Oui, bien sûr, les quatre volumes, c'est peut-être un peu gros pour tenir dans la poche, à moins d'avoir prévu le coup et de très grandes poches, assez accueillantes pour y glisser, après les trois premiers volumes de L'amie prodigieuse en Folio, le quatrième qui paraît aujourd'hui - L'enfant perdue. Si vous êtes abonné à Canal+, il sera difficile de résister (et donc, de renoncer aux poches géantes, pas sûr que celle d'un kangourou ferait l'affaire, d'ailleurs). Parce que les saisons 2, 3 et 4 de la série vont se faire attendre et, je vous connais, vous n'aurez pas la patience, vous allez vous jeter sur les livres. Donc, ce quatrième et dernier volume.
Comme tout lecteur attaché depuis le début aux amies Lila et
Elena, nous avions hâte de savoir comment cela se termine – mais on évitera de
vous le dire, pas question de gâcher le plaisir.
Plaisir : le mot est lâché. Un an après avoir mis de
côté la longue histoire, on y replonge avec, tout de suite, une confortable
familiarité. Il n’était pas possible d’oublier les deux formidables personnages
que sont ces femmes liées indissolublement par leur passé commun autant que par
des différences qui les conduisent à confronter sans cesse ce qu’elles étaient,
ce qu’elles sont, ce qu’elles pourraient devenir.

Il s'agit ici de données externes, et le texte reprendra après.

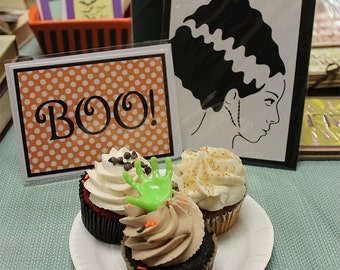 BOO! Greeting Card - Cut Out Design - Notecard and Envelope - BOO! Halloween Greeting Card - Polka Dots, Orange, Black, White, Kraft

Impossible aussi de ne pas ressentir la forte présence de la
ville de Naples, où tout a commencé et où tout finira peut-être. Avec ses
classes sociales qui vivent à l’écart les unes des autres, ses troubles liés à
des trafics en tout genre mais où la drogue prend de plus de place, l’ambiance
singulière des années 80 qui résonnent encore des attentats et des conflits
idéologiques.
Elena, devenue écrivaine, est une figure du monde
intellectuel. On l’écoute, elle commente l’actualité, elle met ses idées de
liberté en pratique dans sa vie privée. Mais elle continue à observer comment
Lila, décidément la plus douée des deux, se retranche dans une attitude
radicale : elle n’a jamais quitté Naples, n’a jamais écrit, ne revendique
que d’être elle-même. Lila est, au fond, un modèle pour Elena, mais inaccessible :
« D’après moi, Lila était dotée de
clairvoyance, un don que je lui attribuerais toute la vie, et je n’avais aucun
mal à l’avouer. »
La contradiction fondamentale entre les amies repose sur
l’écart, le gouffre, entre les apparences : Elena réussit, Lila rate – et
est frappée par un malheur que le titre du quatrième tome évoque. En réalité,
elles éprouvent l’une et l’autre tout le contraire et vivent dans une
compétition qui ne dit jamais son nom. Elle se cache derrière les nuances de la
langue, tantôt le dialecte avec ses mots directs, orduriers, tantôt l’italien
plus policé, nuancé. Quand Elena cherche à obtenir une vérité de Lila, celle-ci
lui répond en italien : « Elle
avait recours à l’italien comme à une barrière et je cherchais à la pousser
vers le dialecte, notre langue de la franchise. Mais alors que son italien
était traduit du dialecte, mon dialecte était de plus en plus traduit de
l’italien, et nous parlions toutes deux une langue factice. »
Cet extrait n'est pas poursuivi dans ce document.